She arrived in this strange new land with strange new people. A frightening arrival, because she didn’t know that Home had finally found her. She feared she was lost, that she would never return to the cracked walls and the dusty floor she remembered. The doctors said she was severely malnourished. Developmentally delayed. Neglected. She had feeding issues, social issues, relational issues. Her swallowing reflexes weren’t strong enough. She couldn’t stand. She could hardly hold herself up to be seated. The list went on and on, and the road ahead seemed long. Perhaps it would be a life-long journey. So we set our eyes on the path and our hearts on the goal.
For months we tried to feed her. We labored for each bite. Each swallow. We fought the everyday battles for her heart. And inch by inch, she learned to trust. We taught her how to use a bottle. How to be held and rocked. She learned to eat. She learned to crawl and then to stand. She learned to smile. And then to laugh. I heard my child laughing and it was one of the sweetest sounds I’d ever heard. And then one day she took her first steps. She walked, even though the physicians in India had not been sure if she ever would take a step.
Six and a half months of laboring. Doctors appointments, specialists, nutritionists, hospitals and more. Poked, prodded, examined and x-rayed. Diagnoses and predictions. All coming up short. Because all she had needed…was love.
She needed to know Love.
Today she had her last follow up appointment. She’s gained a total of eight pounds (nearly twice the weight she’d been when we brought her home) and she was four inches longer! My heart swelled with joy. The doctor sat with me and asked me some questions about my little girl’s progress. I answered them all, each one with a positive reply. Then the doctor laid open the medical file and began to write. She made a list inside my child’s records, and as she wrote she said it aloud for my benefit: “Orphaned, malnourished, neglected, failure to thrive, swallowing difficulties, developmentally delayed…”
Her list was long, and I found them hard to hear with the chubby, radiant child smiling back at me in my lap. It was painful to remember my daughter like that. And I wondered what the list meant. Why would the doctor take the time to write all of these things in the record now, after everything?
The physician stopped; she looked up at my daughter for a moment, introspectively, and then looked back to the list. With one long, decisive strike she crossed the list out, a line drawn through it. I held my breath as I watched. She made an arrow at the bottom of that line and pointed it to the words she wrote beneath.

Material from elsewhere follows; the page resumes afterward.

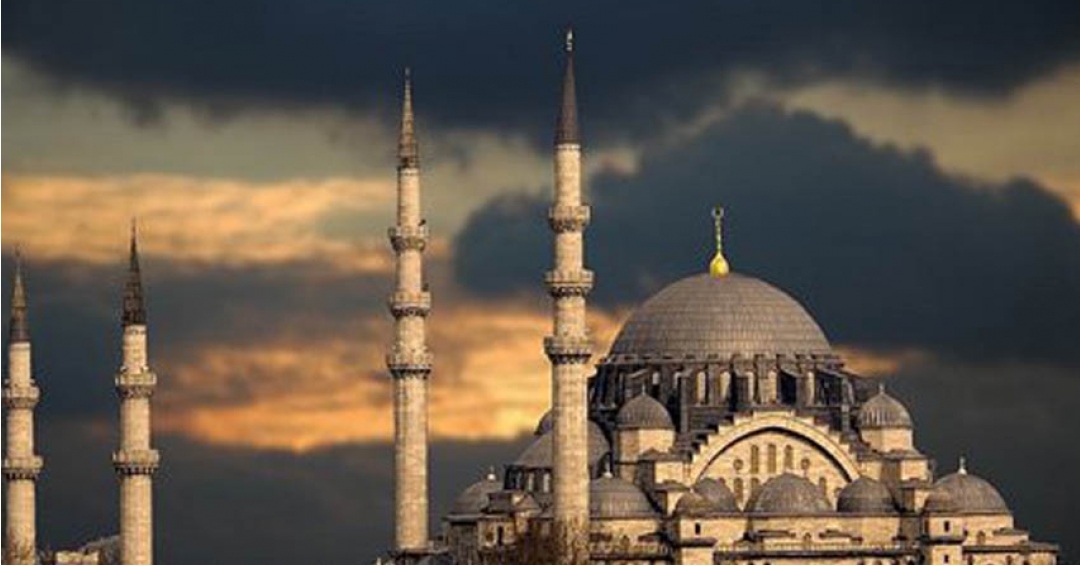 مسجد ایاصوفیه استانبول - شرکت هواپیمایی پاژسیر مجری تورهای اقساطی از مشهد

“All. Resolved.” She said in her thick Middle Eastern accent.
And those words of absolution made my throat catch. Made my eyes well up with tears. I had to say it again in my head to be sure it was true. All resolved…. All resolved. And the physician smiled with me.
I could not tell you the relief that flooded over me with that declaration. The freedom I felt from the fears that had plagued us for the previous year and a half. Lightness and joy now washed every one of those fears away. This was the greatest Christmas gift I could have received: Hope. This child will know life and know it fully. The weight of her past was being lifted away. And though I know there will be hard days ahead, as with any child, today I felt the full realization of peace. After the agonizing wait to bring her home, and the fear for her health and her future, she was home in my arms. She was safe. And now she was well. All of the unknowns and all of the fears had been resolved.
“You rescued this child,” the physician said in all seriousness. “You know that is the greatest thing any person can do? To save the life of another human being.” The milky gaze through her glasses was tearing up now. “And you will have a big castle in heaven.”
I shook my head. That was all wrong, though I knew her intentions were kind, and that in all her seriousness she probably believed it to be true. But the synopsis was reversed. I was the one who had been rescued, and my love for this child was just a small glimpse of that much bigger story. A microcosm of the greater One. The far greater work. My works were filthy rags. Even my attempts to love this child as Jesus loved are worthless. Nothing without Him.
Because you see, there was another child. Born many years ago. On the other side of the world. In an ancient town called Bethlehem, with cracked walls and dusty floors. Conditions far worse than the orphanage I found my daughter in. This was a baby born of a woman, who also came to a strange land with strange people. A baby who cried when he breathed his first breath, just like you and me. And He must have been afraid. Because unlike my child coming into a strange world, He knew where he was going. He knew the purpose for which he had come. A child ordained for a purpose much greater than any man had ever known. Born to become the Hero of mankind; born to die. The God man. Emmanuel - God with us. The most miraculous child of all. A mystery I can’t fathom.
But I can imagine that dirty stable a little bit better now, that filthy hole in the ground where the God of the universe condescended into flesh as the most vulnerable creature possible – a human baby. Defenseless. Reliant on the arms that held him. As fragile as my baby had been. And somehow in this divine mystery, the hands that had defined the universe and laid out the stars were now clinging to an earthly mother for warmth in the chill of night. Beneath the very moon He created.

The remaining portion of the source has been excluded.